Prep 45 mins
Cook 8 mins
These cookies are a tradition at our house. they make a lot, and the thinner you roll them the better they are. The dough is very forgiving, the more you roll out the scraps, the better they are. Make sure you have some "helpers" in the kitchen when the dough is chilled and ready. These are a really fun Christmas Cookie, and the mistakes get eaten quickly! Make sure you use plenty of flour to roll them out. We frost them or use food coloring and paint them with our special "cookie brushes". Makes a great hands on "cookie making day" for even the youngest bakers in the family!
- 3 cups flour
- 1 cup solid shortening
- 2 cups sugar
- 1 teaspoon salt
- 1 teaspoon baking soda
- 3 eggs
- 1⁄4 cup warm water
- 1 -3 cup flour
- Beat eggs with a fork til well mixed.
- Dissolve baking soda in warm water.
- Add sugar, salt, and baking soda water to eggs.
- Mix solid shortning and 3 cups of flour together.
- Add liquid to flour mixture and mix well.
- Knead in enough of the remaining flour to make a stiff dough.
- Chill dough.

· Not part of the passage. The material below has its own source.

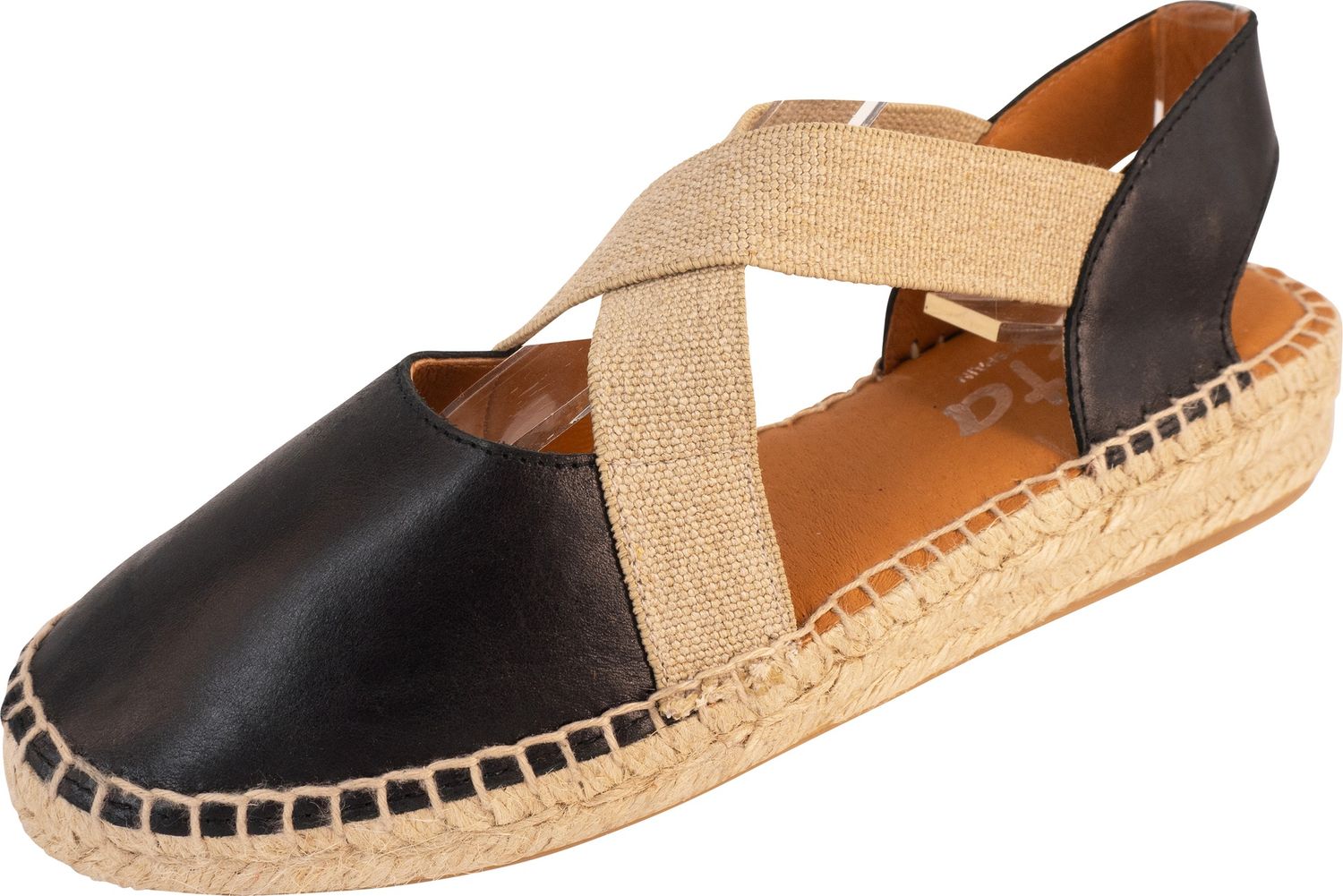 Zeta - Sharni, Colour: Madison Negro, Size: 36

The dough can be refrigerated for several days.
- Roll dough very thin using plenty of the additional flour to keep dough from sticking.
- Cut with cookie cutters and bake at 375 degrees for 8 to 10 minutes on UNGREASED cookie sheets. They should just be starting to brown around the edges.
- Recipe includes mixing time. Chill time and rolling/cutting out time not included.